Saya mendengarkan dengan seksama, sampai tuntas. Maklum, wanita harus menghabiskan setidaknya sampai 20 ribu kata setiap hari. Saya tidak tahu, ketika berbicara dengan saya, masih berapa banyak saldo kata-katanya. Satu-satunya cara, saya hanya bisa mendengarkan sampai habis.
Setelah tuntas menceritakan semuanya, saya malah meminta wanita ini menuliskan sesuatu. Apa itu? Saya minta wanita ini menuliskan minimal 5 kesalahannya terhadap suaminya.
"Loh, kan suami saya yang salah. Suami saya yang bikin saya begini. Kok malah saya disuruh menuliskan kesalahan?" Ani protes. Saya hanya tersenyum, tetap memintanya menuliskan minimal 5 kesalahnnya.
Dengan agak sebal, Ani segera memposisikan pulpen di atas secarik kertas. Sesekali menerawang, namun kemudian dengan lancar menuliskan daftar kesalahannya sendiri. Diminta menulis minimal 5, lah ternyata yang ditulis sampai 9.
"Sebenarnya masih banyak. Tapi cukup ini aja. Ini pun sudah banyak," katanya.
Saya minta Ani kembali mencermati kesalahannya. Dia pun berjanji memperbaiki semua kesalahannya itu. Beberapa hari kemudian Ani memberikan info. Hubungan dengan suaminya semakin baik. Dia pun mengakui, ternyata untuk mengubah pasangannya, harus dia sendiri yang berubah terlebih dahulu.
Tapi, apakah suami Ani tidak perlu berubah? Tentu akan lebih baik lagi jika pasangannya juga berubah. Maka, izinkan saya meneruskan tulisan ini agar bisa dibaca juga untuk para suami. Apalagi, saya juga sering mendapati kasus rumah tangga, sama halnya dengan yang dialami Ani.
Maka ada baiknya para suami tidak hanya mementingkan waktu untuk dirinya sendiri melalui hobi tertentu, tapi tetap meluangkan waktu lebih banyak untuk keluarga. Sebab istri yang selama ini beraktivitas di rumah juga perlu dukungan untuk 'membunuh' rasa jenuh atau bosan yang melanda.
Bagi yang sehari-hari sibuk bekerja dan lebih banyak waktu tergerus di luar rumah, ada baiknya melakukan hobi bersama keluarga. Tapi pastikan, pasangan juga menyukainya. Bukan ikut dalam kegiatan hobi tertentu karena terpaksa.

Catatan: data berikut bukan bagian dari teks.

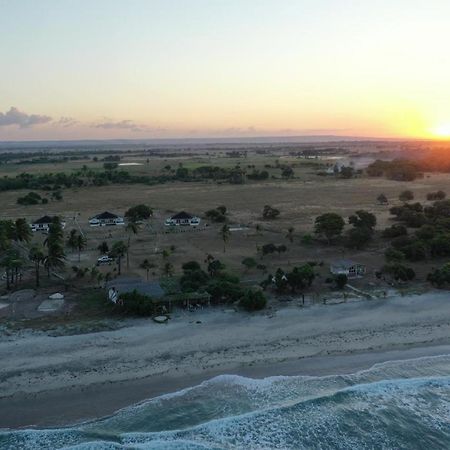 Wera Beach Kadumbul Екстер'єр фото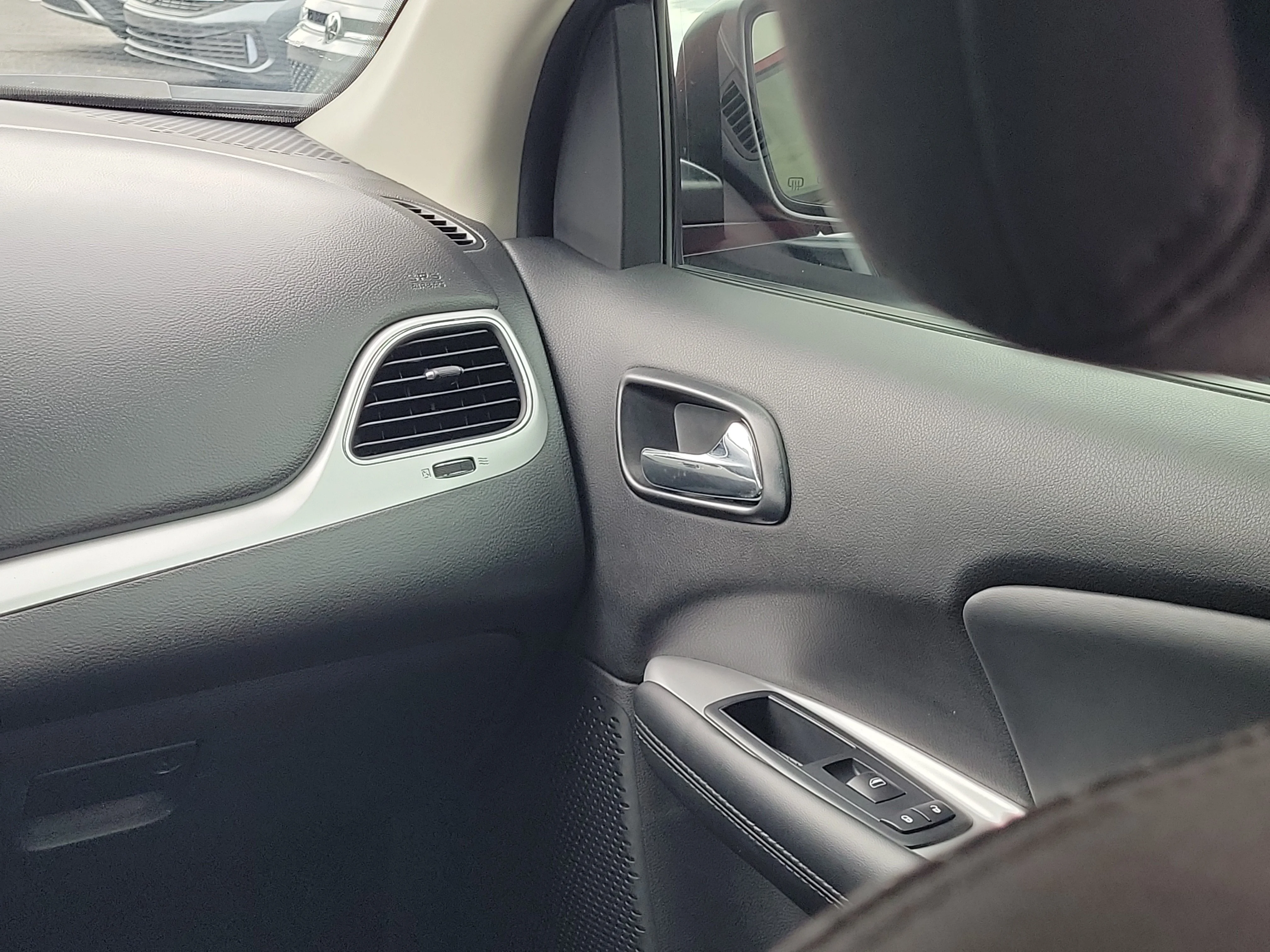 Used 2018 Red Line Dodge SE image 4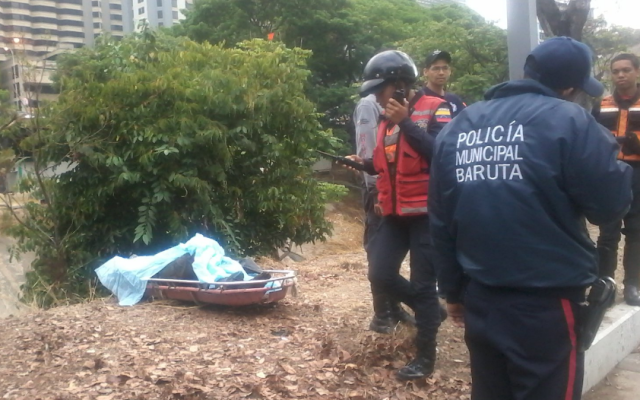 El cuerpo sin vida no presentaba heridas visibles y las autoridades presumen que era un indigente (Foto: Lysaura Fuentes @lysaurafuentes)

Jangan sampai karena sibuk bekerja, disusul dengan sibuk menyalurkan hobi, istri atau anak yang menjadi korbannya. Anak-anak menjadi kurang kasih sayang dan kurang mendapat perhatian berkualitas. Akibatnya lingkungan rumah menjadi kurang harmonis, suasana di rumah menjadi kurang aman dan nyaman. Padahal, kehangatan dalam kehidupan berumah tangga, mutlak diperlukan.